Osborne had a difficult task to keep backbenchers happy while continuing with his drive to keep Britain in the EU, and cope with terrible economic figures. And the ultimate slab of Tory red meat a fuel duty freeze was greeted with a backbench roar.
He tried to navigate a tricky path keeping twitchy backbenchers happy, while placing himself on the liberal wing of his party. As for the sugar tax, one way of interpreting it is as an eyecatching centrepiece to take the attention away from the poor economic news that had also been laid bare. But the sugar tax? Osborne said he felt he simply could not avoid the issue, however unConservative it felt to try to influence consumption behaviour with a levy. A number of MPs were not so sure about that. “Why?” asked one, insisting it was “grossly illiberal”.
One new MP, Will Quince, dismissed it as the worst form of “nanny statism” and said there was no evidence that it worked. But that is not going to make him dislike Osborne.
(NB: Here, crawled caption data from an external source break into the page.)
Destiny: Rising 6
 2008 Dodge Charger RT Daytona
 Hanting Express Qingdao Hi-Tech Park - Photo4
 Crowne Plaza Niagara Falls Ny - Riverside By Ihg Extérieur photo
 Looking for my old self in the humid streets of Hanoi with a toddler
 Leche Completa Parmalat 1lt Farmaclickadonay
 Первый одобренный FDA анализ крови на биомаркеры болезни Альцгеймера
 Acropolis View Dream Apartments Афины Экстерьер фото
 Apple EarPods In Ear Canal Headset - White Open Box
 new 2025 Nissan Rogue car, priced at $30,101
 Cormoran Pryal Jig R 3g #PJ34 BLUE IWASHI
“The thing that impresses me about George is how approachable he is for backbench MPs,” said Quince, who was given the chance to sit down with the chancellor before the budget and air his ideas.
Related: George Osborne conjures up a budget trick, but it's not a very good one
“I didn’t get what I wanted in this budget,” said Quince, but he did in the autumn statement after urging Osborne to divert money from the tampon tax to women’s charities and spend money on tending war graves. He said it was refreshing how much time the chancellor gave to newer MPs.
Others said Osborne did, just about, manage to avoid irritating Brexit campaigners too much despite highlighting the OBR warning of the uncertainty of the UK’s EU future. “It was very mild,” said Bernard Jenkin, a leading leave voice. “‘Could’, ‘might’ ... He had to say something. It was as little as he could say.”
By the end of the speech, it felt like Osborne may have done more damage with backbenchers concerned about sweeping cuts to disability benefits than with those wanting Britain to end its EU membership.
But what did any of it mean for his leadership chances? Can he convince a party that sits to his right politically to back him as a leader reaching out to voters to his left?
Not everyone is convinced. “Do you know the last time that a ‘favourite’ for the Conservative leadership actually secured it?” asked one backbencher. “1955.” So it is Anthony Eden’s footsteps Osborne will hope to follow in.